The primary objectives of this study are to compare the effect of SG to SOC on overall survival (OS).
Eligibility
Key Inclusion Criteria:
- Histologically confirmed diagnosis of SCLC.
- Eastern Cooperative Oncology Group (ECOG) performance status score of 0 or 1.
- Measurable disease by computed tomography (CT) or magnetic resonance imaging (MRI) as assessed by investigator per RECIST v1.1 criteria.
- Documentation of radiological disease progression after 1 prior line of platinum-containing chemotherapy (defined as at least 2 cycles of treatment) with or without therapy directed against programmed cell death protein 1 (PD-1) or programmed cell death ligand 1 (PD-L1; PD-1 and PD-L1 are hereafter referred to as PD-(L)1) for ES-SCLC.
- Individuals treated with a platinum-based therapy for prior limited stage small cell lung cancer will be counted as 1 prior line of platinum-containing chemotherapy if the disease has progressed within 30 to 180 days from last dose of platinum treatment.
- If the investigator believes a participant may benefit from platinum rechallenge it can be considered per investigator discretion and local SOC; however, participants with platinum rechallenge may not participate in the study.
- If the investigator believes a participant may benefit from tarlatamab treatment, it can be considered per investigator discretion and local SOC and such participants may participate in the study following tarlatamab treatment.
Note: at least 85% of participants included in the study must be pretreated with anti-PD-\[L\]1 therapy.
Refer to protocol for country-specific requirements for participants in China.
Key Exclusion Criteria:
- Chemotherapy-free interval (CTFI) time from the last dose of first-line platinum-containing chemotherapy to the occurrence of progressive disease) \< 30 days (independent of the immunotherapy maintenance).

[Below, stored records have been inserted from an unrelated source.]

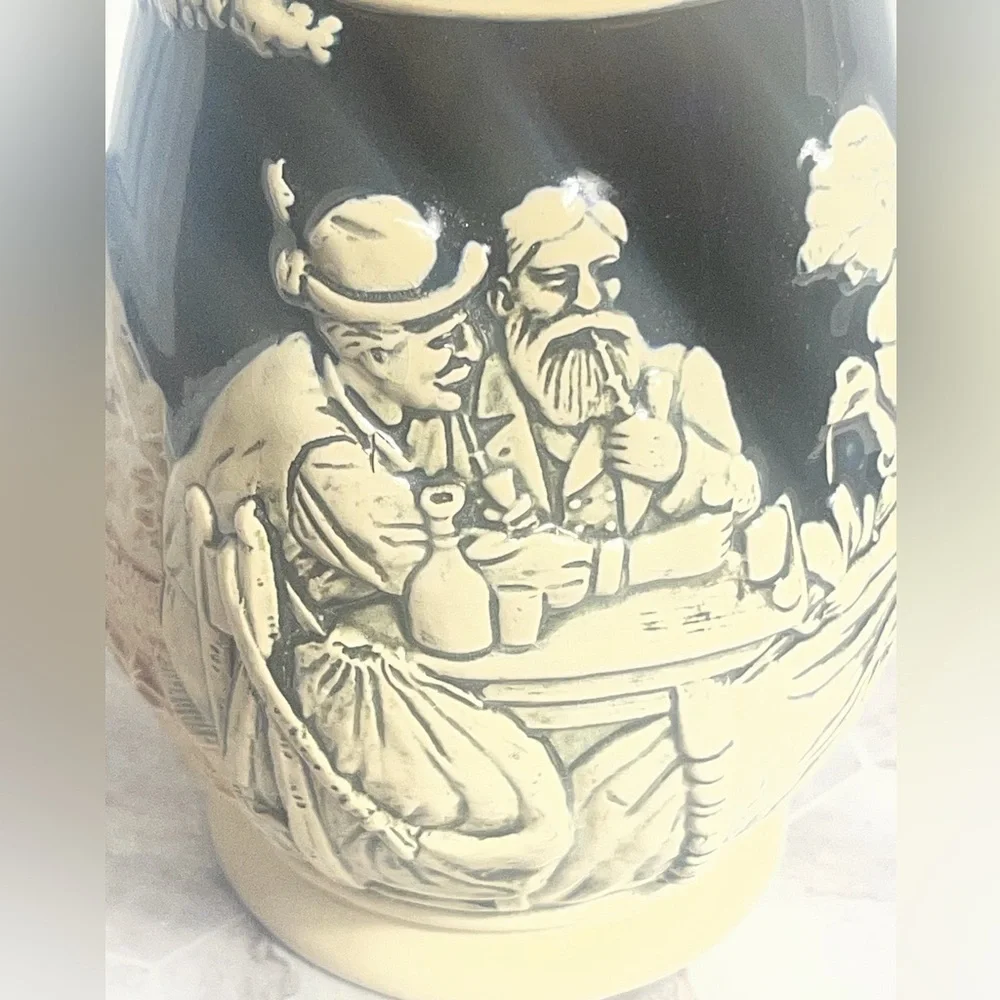 Vintage Style German Beer Stein Relief Scene Ceramic Mug With Handle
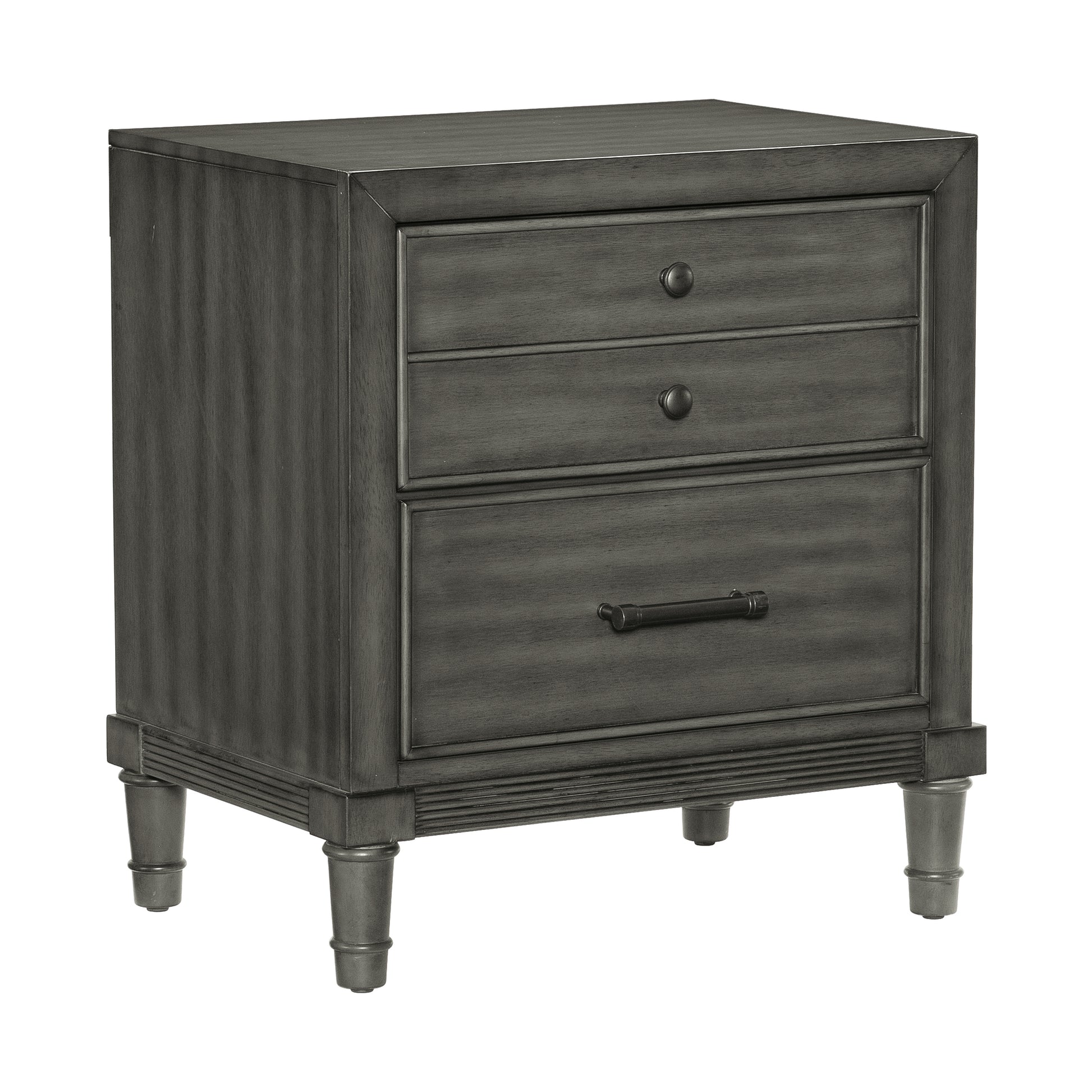 Gray Wood Nightstand with 2 Drawers - Bedroom Furniture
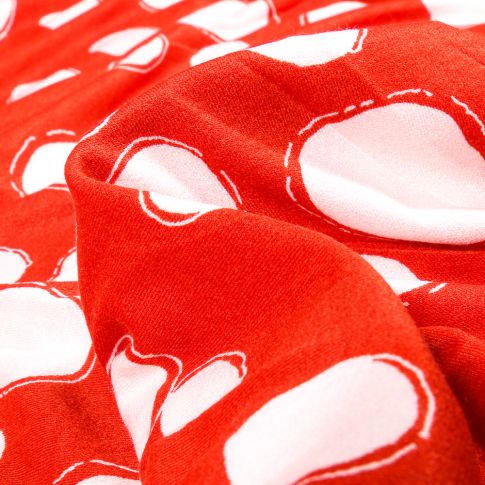 Tissu Jersey Viscose avec aspect crêpe Bubble sur fond Rouge
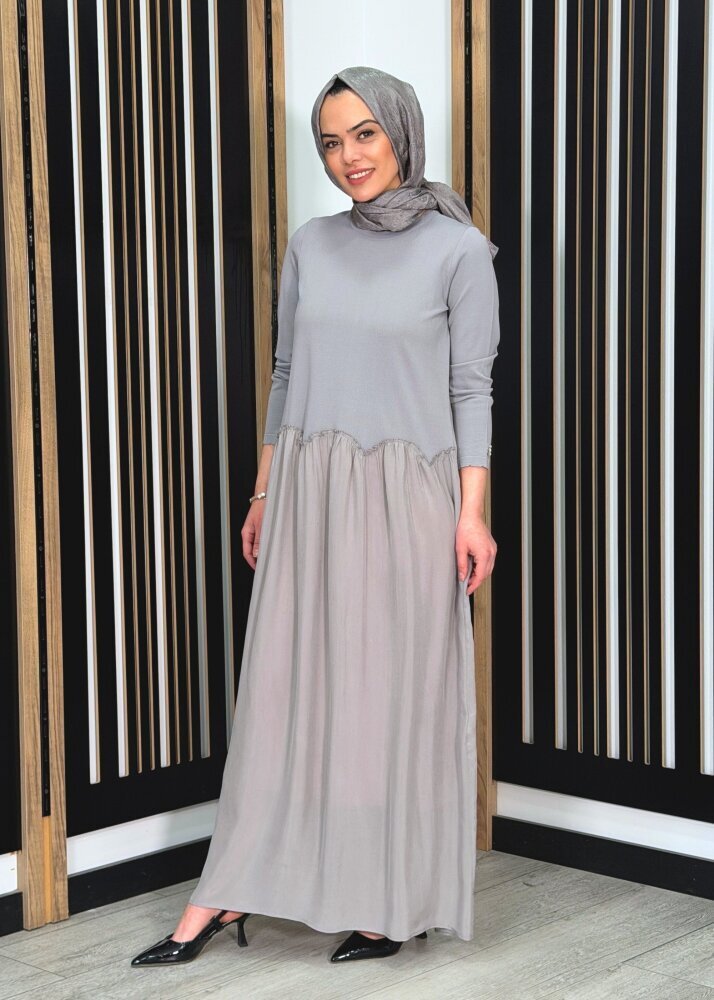 Miss Dalida Büzgü Detaylı Triko Cupro Elbise Dark Grey - 2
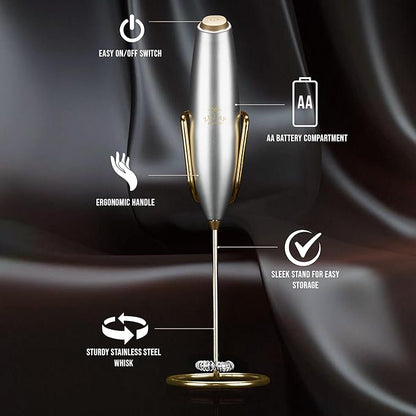 Zulay Kitchen Executive Series Luxury Gift Milk Frother with 4 Duracell Batteries – Handheld Electric Foam Maker for Coffee, Lattes & Hot Chocolate – Deluxe Finish, Ultimate Gift for Coffee Lovers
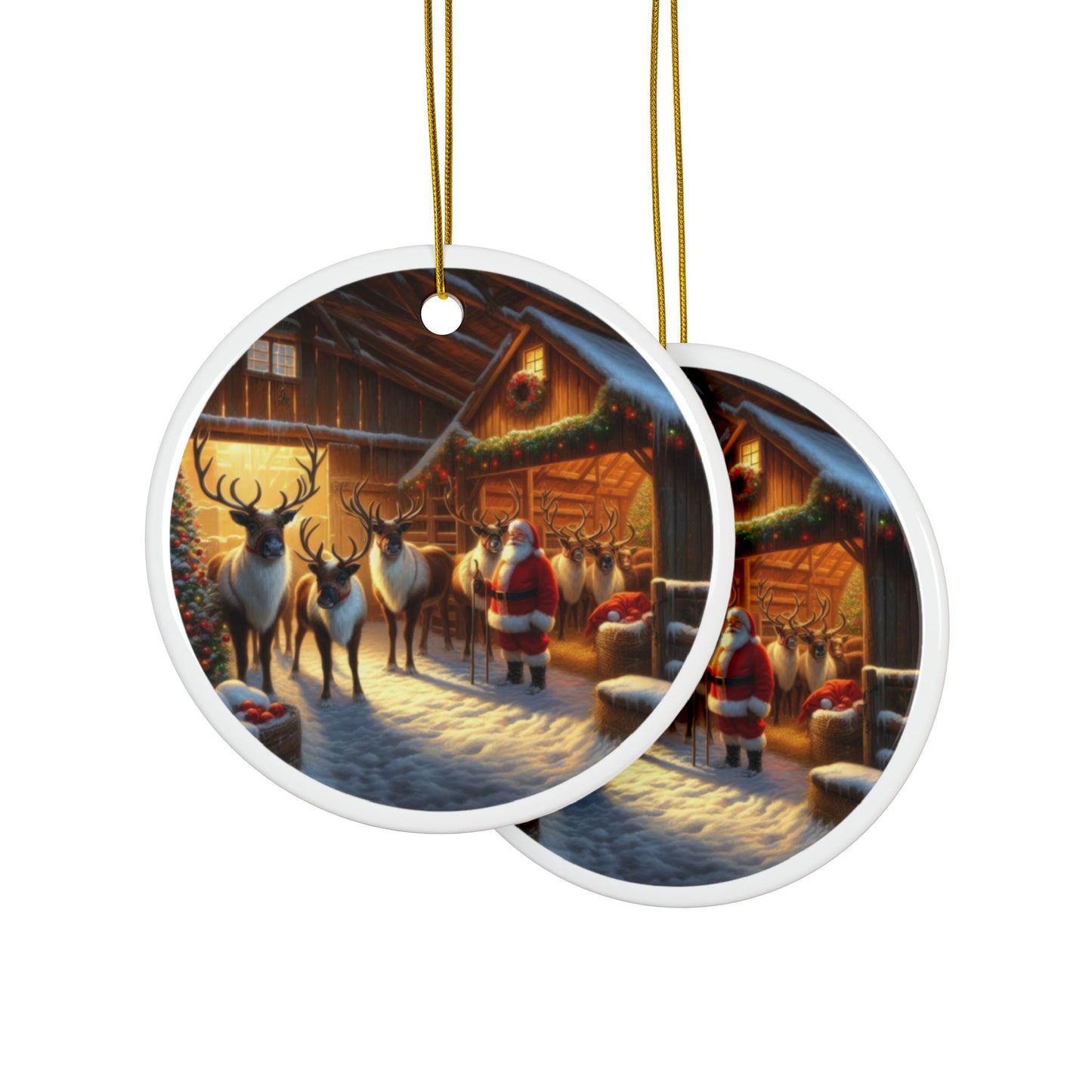 The North Pole Barn and Santa’s Crew Christmas Ceramic Ornaments, 2-Side Print, (1pc, 3pcs, 5pcs, 10pcs)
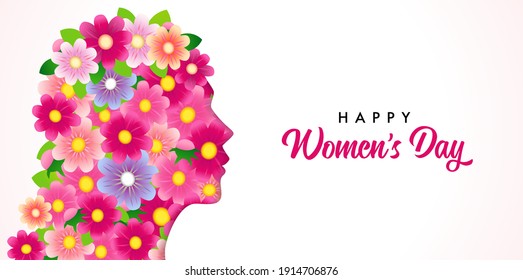 Happy Women's day, girl head with flowers pattern. Greeting card on March 8 with paper cut women head silhouette cutout vector illustration, hand drawn calligraphy and pink flower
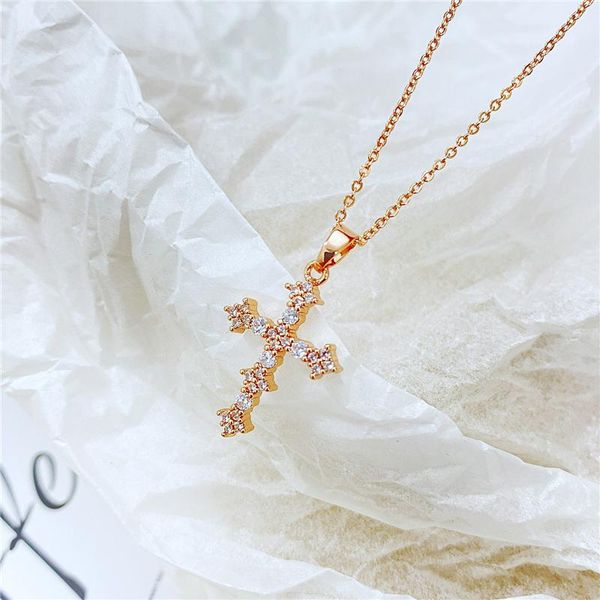 pendant necklaces stainless steel rose gold necklace for women jesus catholicism copper set full zircon cross jewelry on the neck, Silver
pendant necklaces stainless steel rose gold necklace for women jesus catholicism copper set full zircon cross jewelry on the neck, Silver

- Received any prior treatment with irinotecan, topotecan, SG, SN-38, exatecan derivatives, and similar agents targeting topoisomerase I. Received lurbinectedin after progression on or after platinum-based chemotherapy.
- Have carcinomatous meningitis and/or non-carcinomatous meningitis central nervous system (CNS) metastasis apart from the following noted exceptions. Participants with previously treated brain metastases may participate provided they have stable CNS disease (ie, without evidence of progression) for at least 4 weeks (independent from completion of definitive treatment) prior to randomization and all neurologic symptoms have returned to baseline, have no evidence of new or enlarging brain metastases, and are taking ≤ 10 mg/day of prednisone or its equivalent. Participants with untreated, clinically stable brain metastases will be allowed if they are asymptomatic and the investigator determines there is no immediate CNS-specific treatment required, there is no surrounding edema, and the brain metastases are of 5 mm or less in size and 3 or fewer lesions.
Note: Other protocol defined Inclusion/Exclusion criteria may apply.